How do I know a result is generated from a purposeful voice or a noise?
use the score1? but I found that the score of the purposeful voice and the score of the noise are nearly the same.where is the bounds?
is there another way?
thanks
noise's result
--------------------------------------
pass1_best: <s> <n><num>1</num>ZYF</n>
pass1_best_wordseq: 0 2
pass1_best_phonemeseq: sil | jh ow r er n f aa
pass1_best_score: -10684.339844
length: 318 frames (1.06 sec.)
### Recognition: 2nd pass (RL heuristic best-first with DFA)
samplenum=318
sentence1: <s> <n><num>3</num>ZMY</n> </s>
wseq1: 0 2 1
phseq1: sil | jh aa ng m ae ng y iy | sil
cmscore1: 1.000 0.639 1.000
score1: -13599.010742
6 generated, 6 pushed, 4 nodes popped in 318
purposeful voice
---------------------------------------------------------
pass1_best: <s> <n><num>1</num>ZYF</n>
pass1_best_wordseq: 0 2
pass1_best_phonemeseq: sil | jh ow r er n f aa
pass1_best_score: -12398.662109
length: 386 frames (1.28 sec.)
### Recognition: 2nd pass (RL heuristic best-first with DFA)
samplenum=386
sentence1: <s> <n><num>2</num>LDH</n> </s>
wseq1: 0 2 1
phseq1: sil | y ow b aa hh aa | sil
cmscore1: 1.000 1.000 1.000
score1: -14228.536133
8 generated, 8 pushed, 4 nodes popped in 386
Hi manio,
>How do I know a result is generated from a purposeful voice or a noise?

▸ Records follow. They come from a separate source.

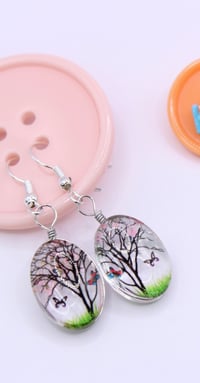 Image 6 of Floating Tree & Butterfly Earrings (or) Word ‘Hello’ Earrings on NEW Button Hang Tags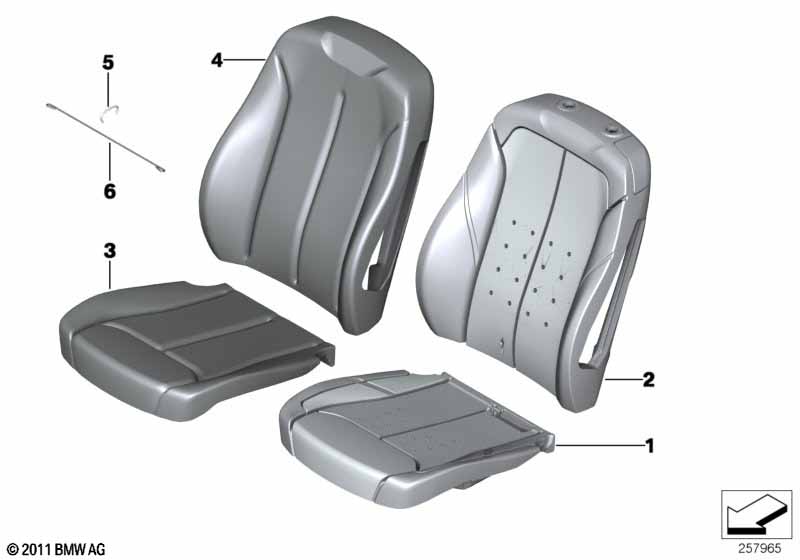 Genuine BMW 52107374856 F48 F45 F39 Basic Backrest Leather Cover, Right SCHWARZ (Inc. X2 18d, 225iX & X1 28iX) | ML Performance UK Car Parts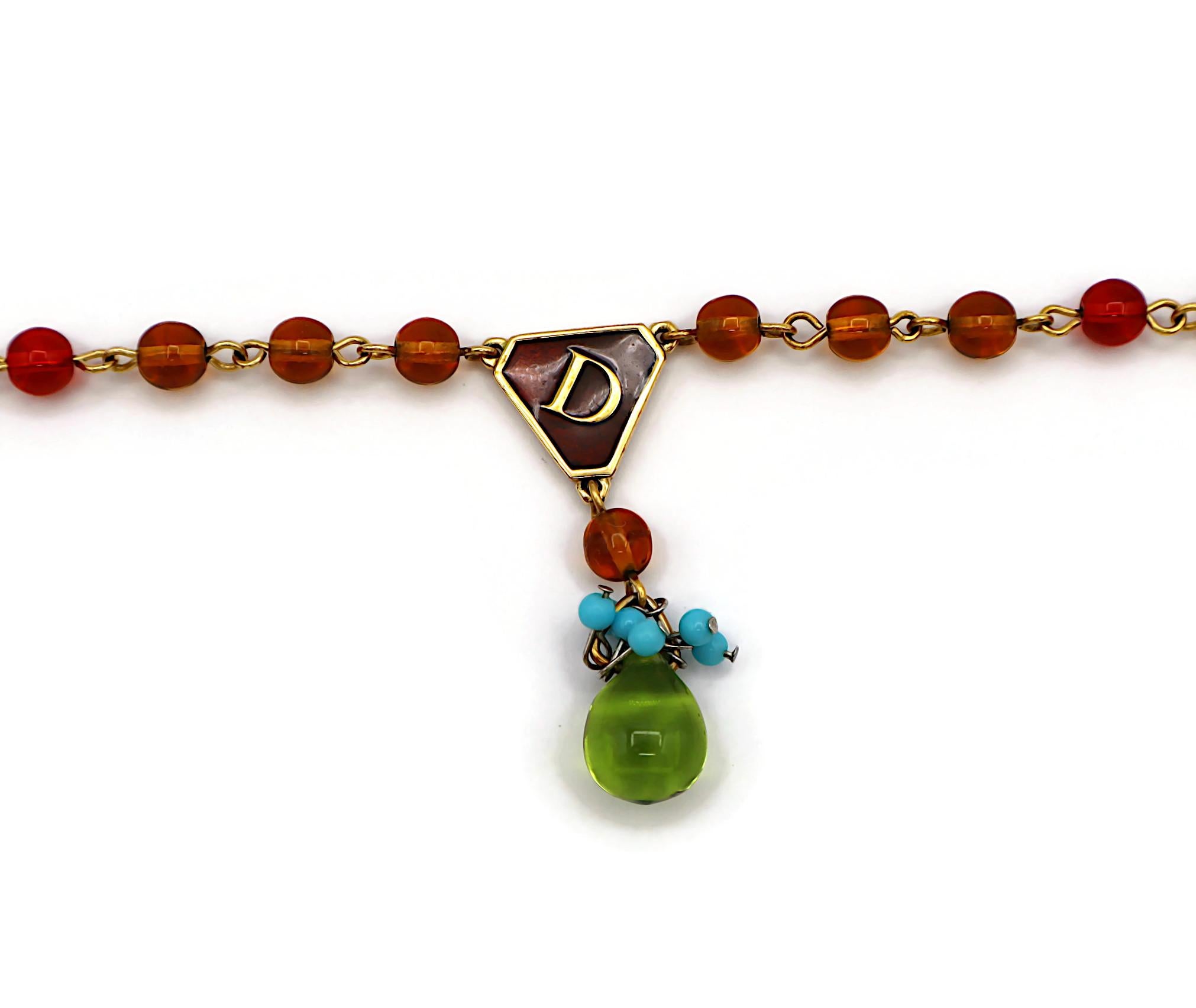 CHRISTIAN DIOR Vintage Gold Tone D Enamel Beaded Necklace For Sale 2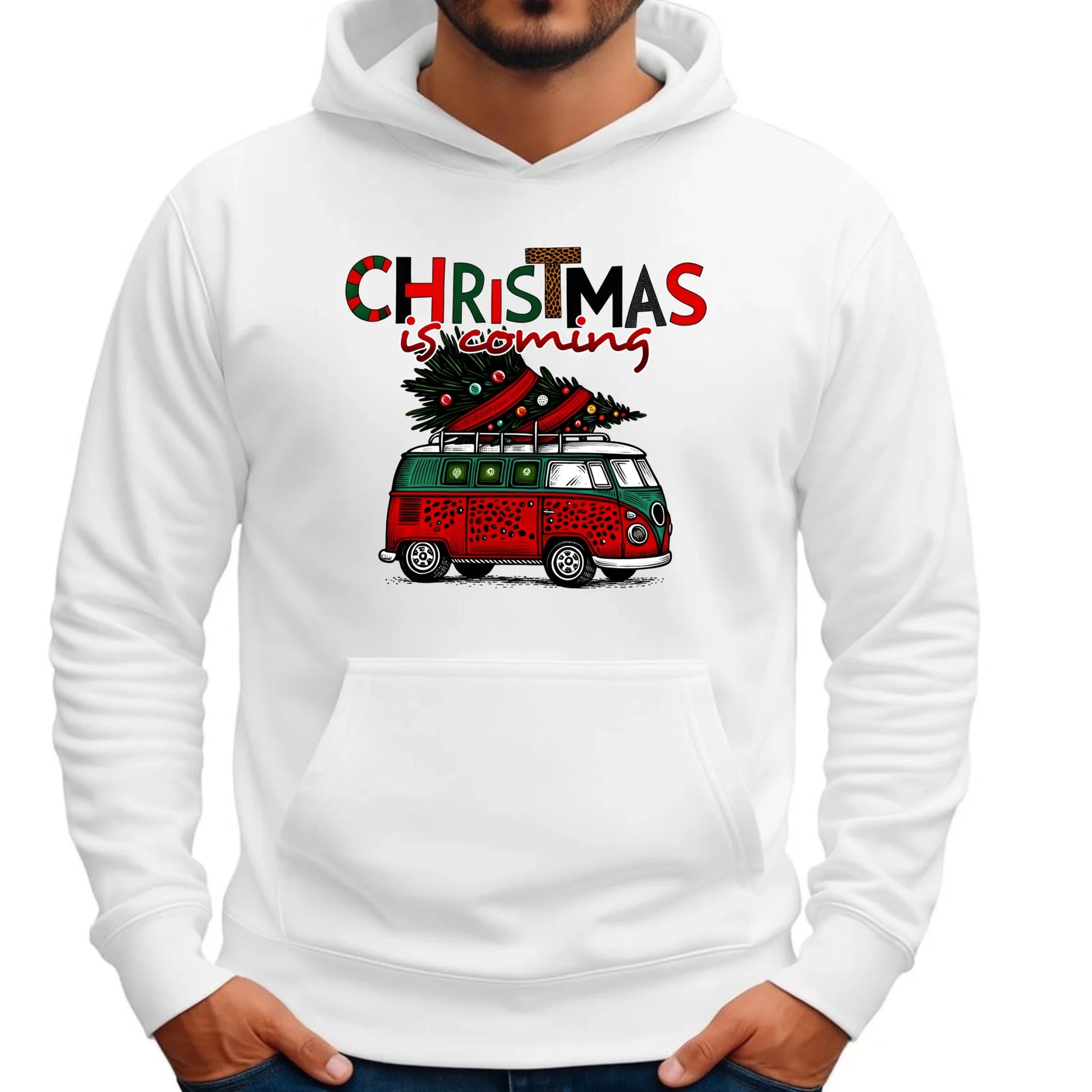 Bluza męska z kapturem świąteczna - Kamper Christmas is coming BN42 - StoryCups.pl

See this thread, specifically the post dealing with: "creating a grammar with a few Out-of-Vocabulary words". It talks about using an out-of-vocabulary grammar in the context of a one word grammar, but this should help in your case too.
Another thing that might help is a better acoustic model. This is especially important when you are trying to recognize short words (like numbers).
If you created your own acoustic model, then you will need more training utterances. You could also take the VoxForge acoustic model and adapt it to your voice (using your training utterances).
You could also submit your text and speech recordings to VoxForge, or submit some speech using the speech submission application, and it will be incorporated into the VoxForge acoustic model nightly build, usually that night (but not always ...).
Ken